## EXERCISE DETAILS
If pictures appear in the lines below, skip them and copy exactly the lines from the one containing "2 Pin PTT Motorcycle" through the one containing "New 2025 Patriot", and nothing else.

───── RECORDS PROVIDED ─────

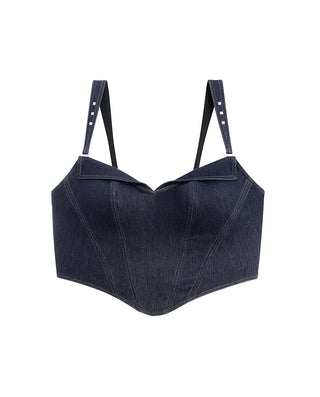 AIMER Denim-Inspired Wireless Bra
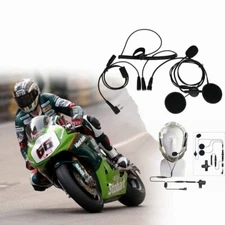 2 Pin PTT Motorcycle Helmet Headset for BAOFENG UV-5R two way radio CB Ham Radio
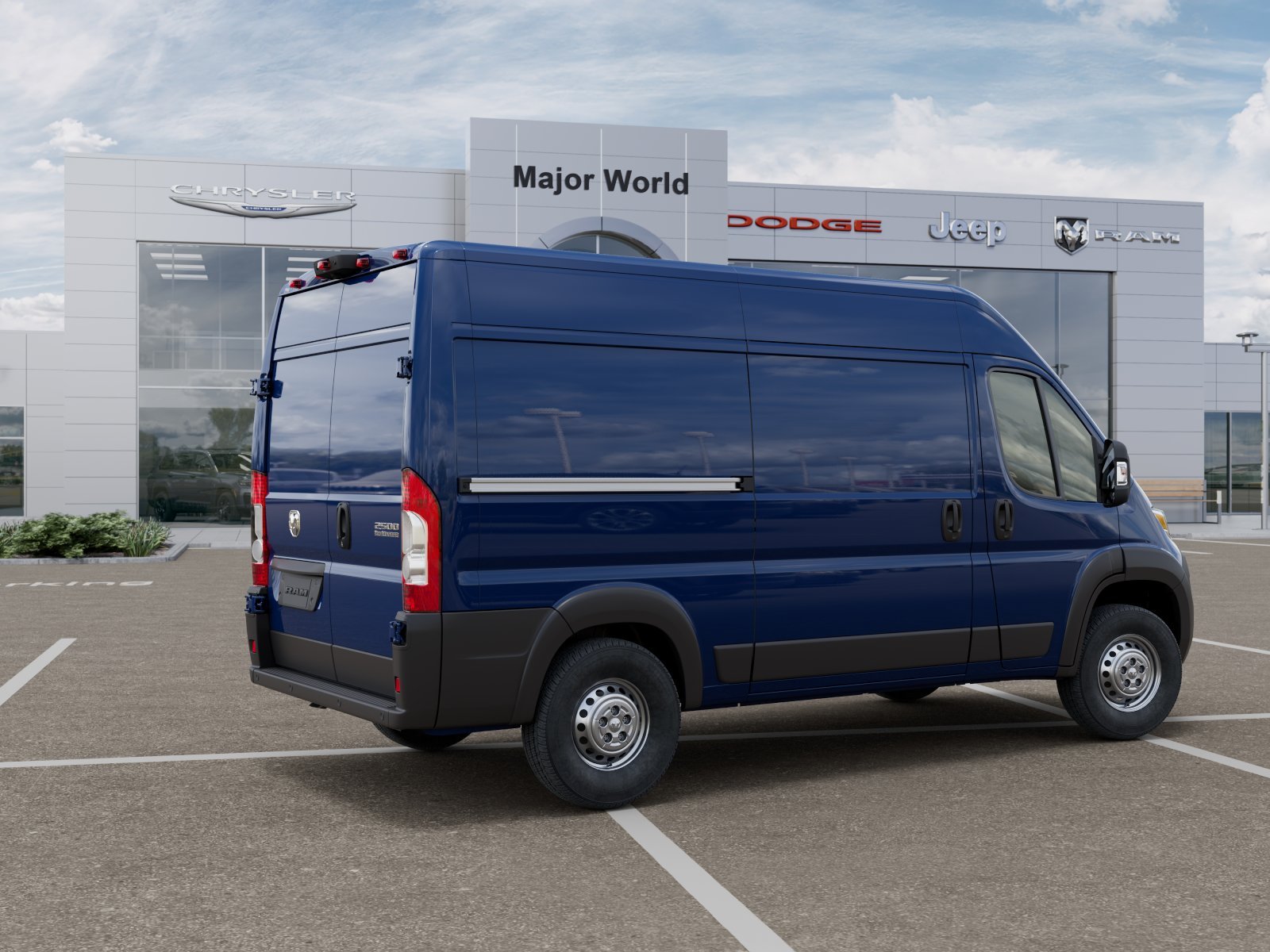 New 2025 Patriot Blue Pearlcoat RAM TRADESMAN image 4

─────
───── RECORDS PROVIDED ─────

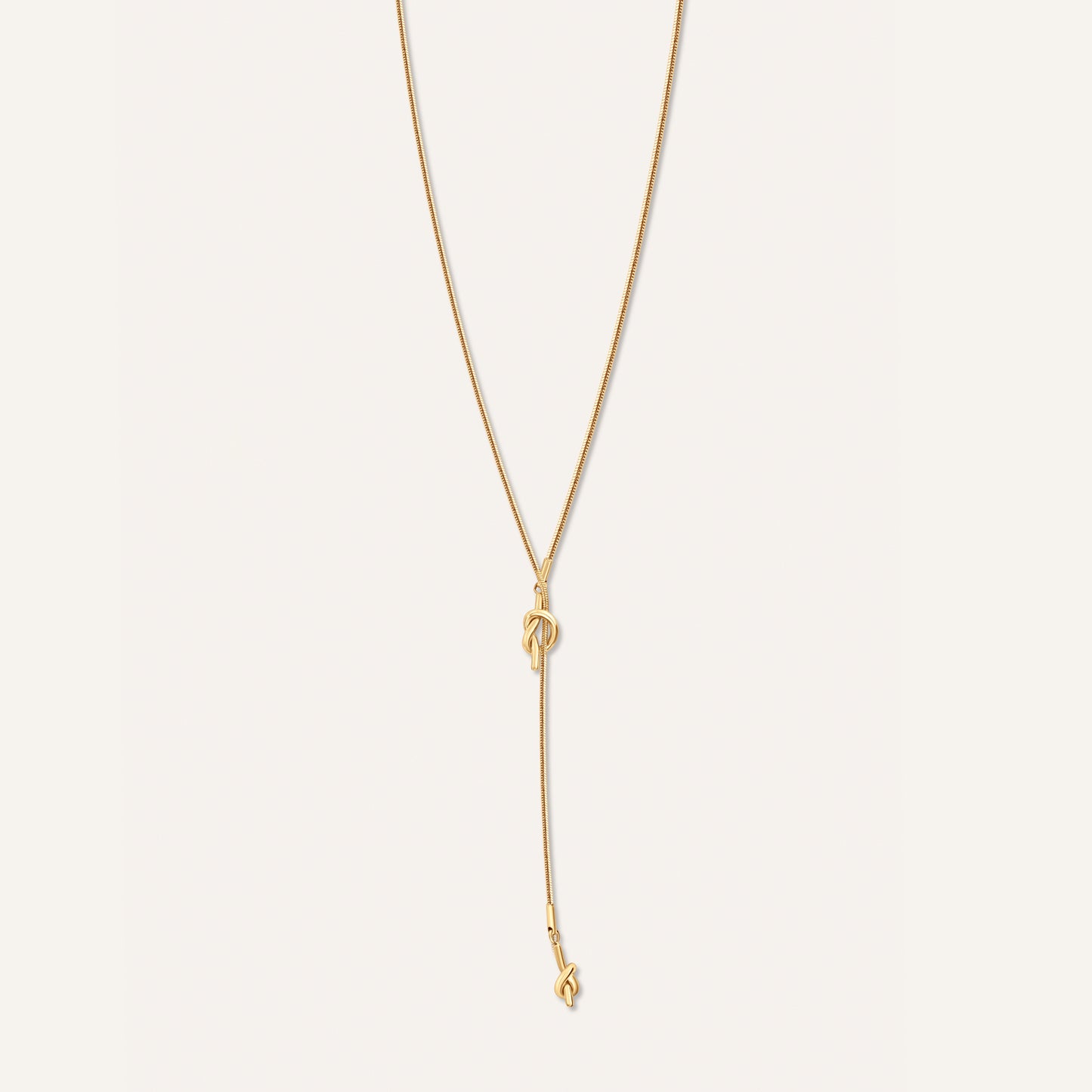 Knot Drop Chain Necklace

─────

## TASK SOLUTION
 2 Pin PTT Motorcycle Helmet Headset for BAOFENG UV-5R two way radio CB Ham Radio
 New 2025 Patriot Blue Pearlcoat RAM TRADESMAN image 4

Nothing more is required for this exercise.